** Data to use **
⁂
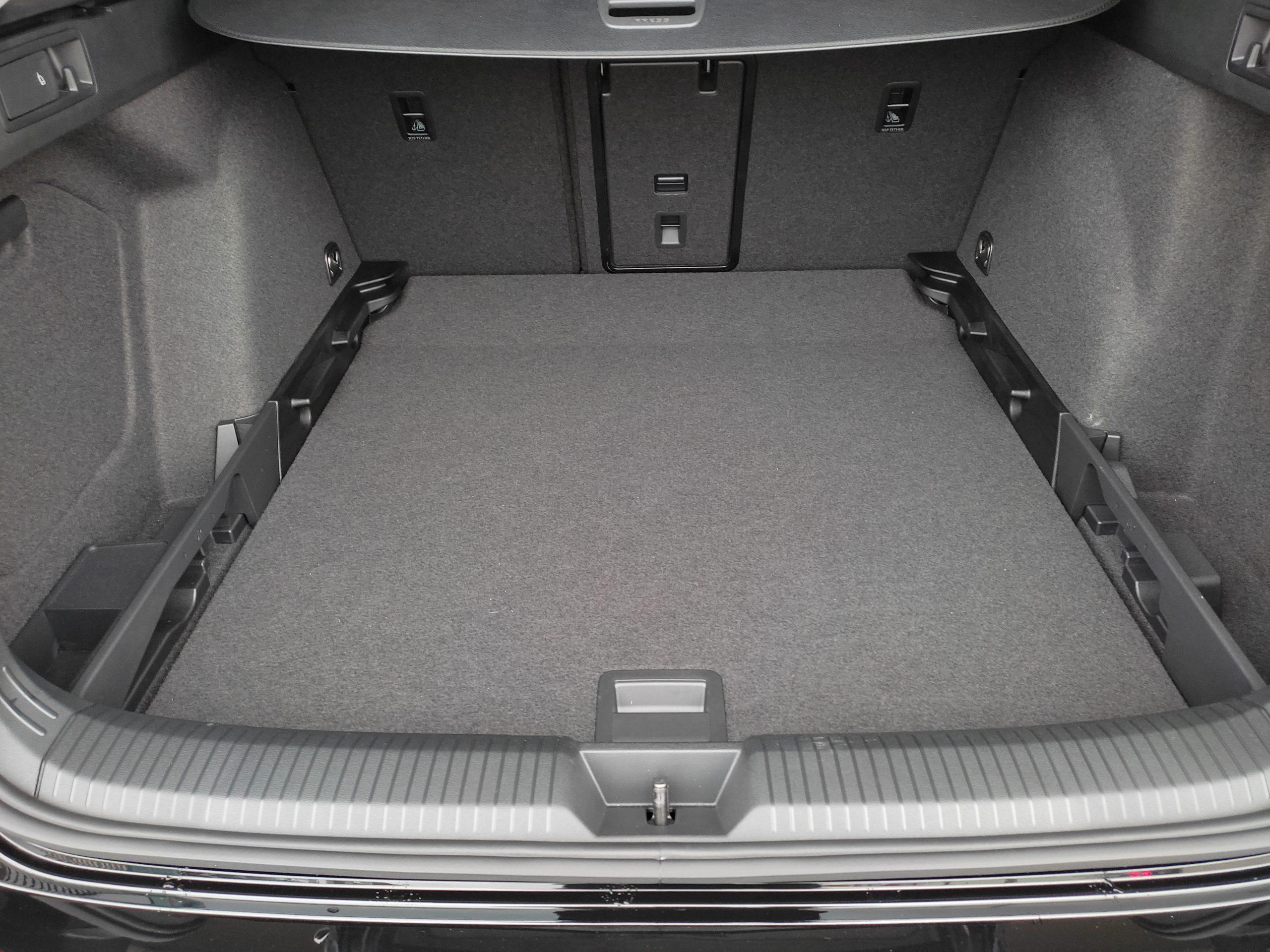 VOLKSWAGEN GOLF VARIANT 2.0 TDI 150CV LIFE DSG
⁂
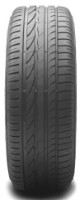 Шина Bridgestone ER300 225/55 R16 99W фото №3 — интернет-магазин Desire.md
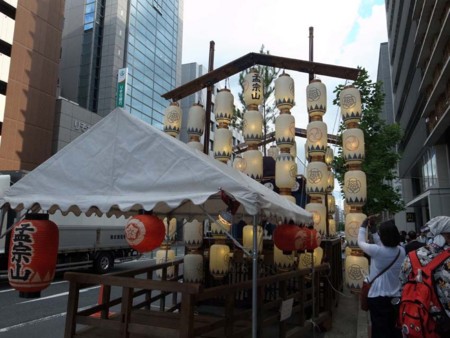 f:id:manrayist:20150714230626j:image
⁂
** To do **
Write back word for word every line in the entries above from the one with "Шина Bridgestone ER300" to the one with "f:id:manrayist:20150714230626j:image", ends included, and none of the pictures.

** Completed task **
 Шина Bridgestone ER300 225/55 R16 99W фото №3 — интернет-магазин Desire.md
 f:id:manrayist:20150714230626j:image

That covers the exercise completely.